Former Gov. Arnold Schwarzenegger may not have to worry about his entertainment career, or even his plans to delve into non-elective politics, but the “love child” scandal may leave a lasting impression on the next Hollywood celebrity who decides to seek public office.
In the media, rumor and innuendo that have been the currency of gossip pages won’t be so easily dismissed. Among the public, there’s bound to be a greater sense of skepticism of means and motive. The scandal may merely reinforce impressions that Californians already had of Schwarzenegger: He left office with low popularity, and his successor Jerry Brown ran a campaign largely based on being everything he wasn’t. In 2003, Schwarzenegger’s eleventh hour admission of past indiscretions left voters largely unfazed, as he was the action hero candidate coming to save the state; by 2010, Californians gave up on the idea of a celebrity fix.

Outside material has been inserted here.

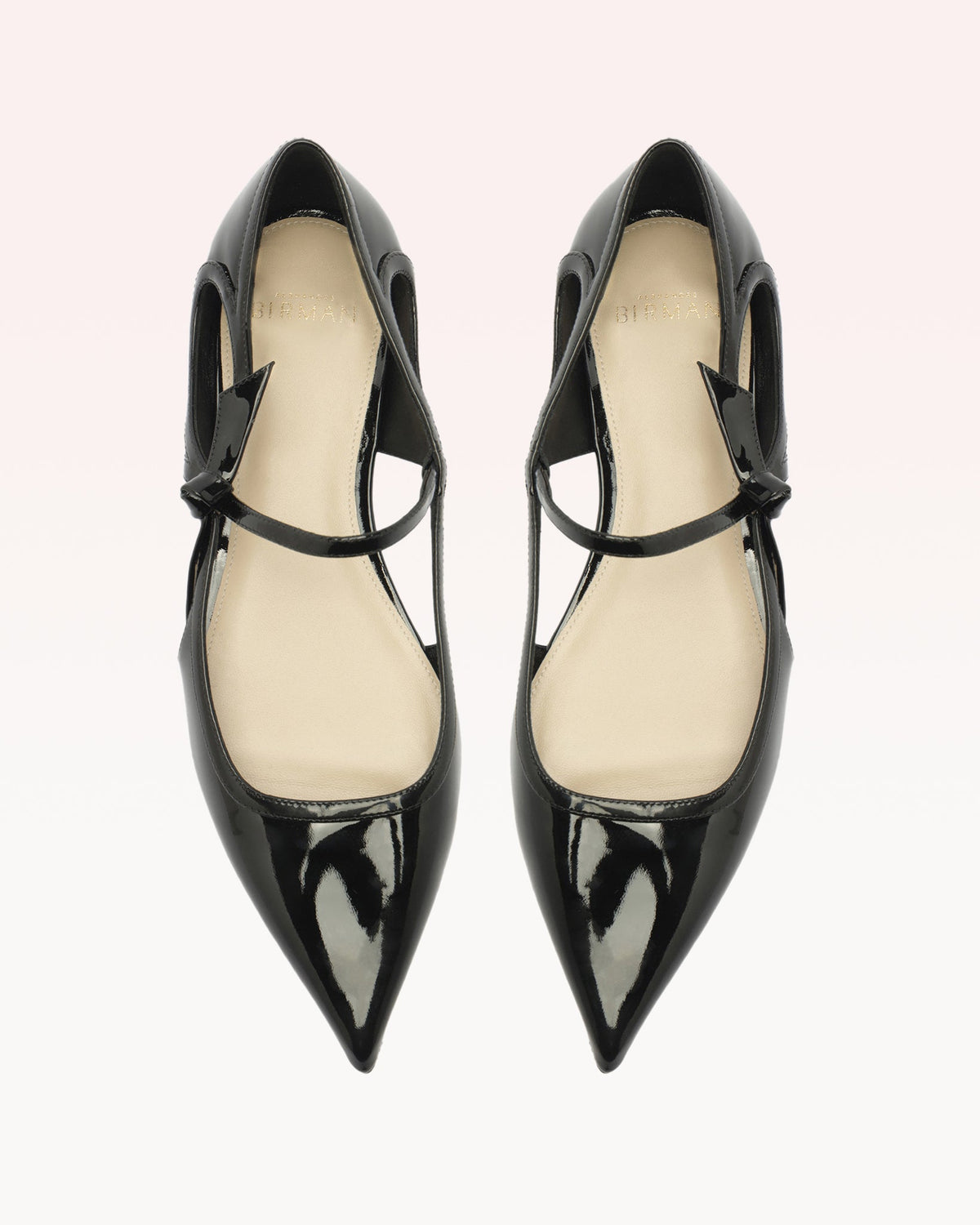 Luita Flat Black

Donald Trump’s tease may have showed just how impulsive the public can be when presented with polling options — but how impatient they can turn when style doesn’t quickly translate into substance.
The immediate impact in entertainment is in late night, where Schwarzenegger is destined to be a punchline for some time to come.
Jon Stewart went through movie titles: “Bonin the Barbarian,” “Kindergarten C–k,” while Politico led with a story that concluded, “In the end, Arnold Schwarzenegger’s political career finished the same way it began: amid questions about whether he was a skirt-chasing Hollywood scoundrel, with California gripped by political dysfunction and another “Terminator” sequel on the horizon.”
All the Glitters: On Tuesday Newt Gingrich fended off attacks from fellow Republicans, he had to deal with a report on a six-figure Tiffanys bill, and then he got gobsmacked with glitter in a Minneapolis appearance.
T-Shirt Politics: The Obama camaign is hawking T-shirts with the President’s picture and the label “Made in the USA” — along with a printing of his birth certificate.
Also Ran: Entertainment executive Dan Adler’s race for a congressional seat, with Sean Astin as a campaign manager, didn’t turn out so well. In California’s 36th congressional district, he got 285 votes.
RIP: Joseph Wershba, the CBS News journalist who helped take on Joseph McCarthy on Edward R. Murrow’s “See it Now” in 1954, died over the weekend at age 90. His story was part of George Clooney’s feature “Good Night, and Good Luck,” and Wershba was portrayed by Robert Downey Jr.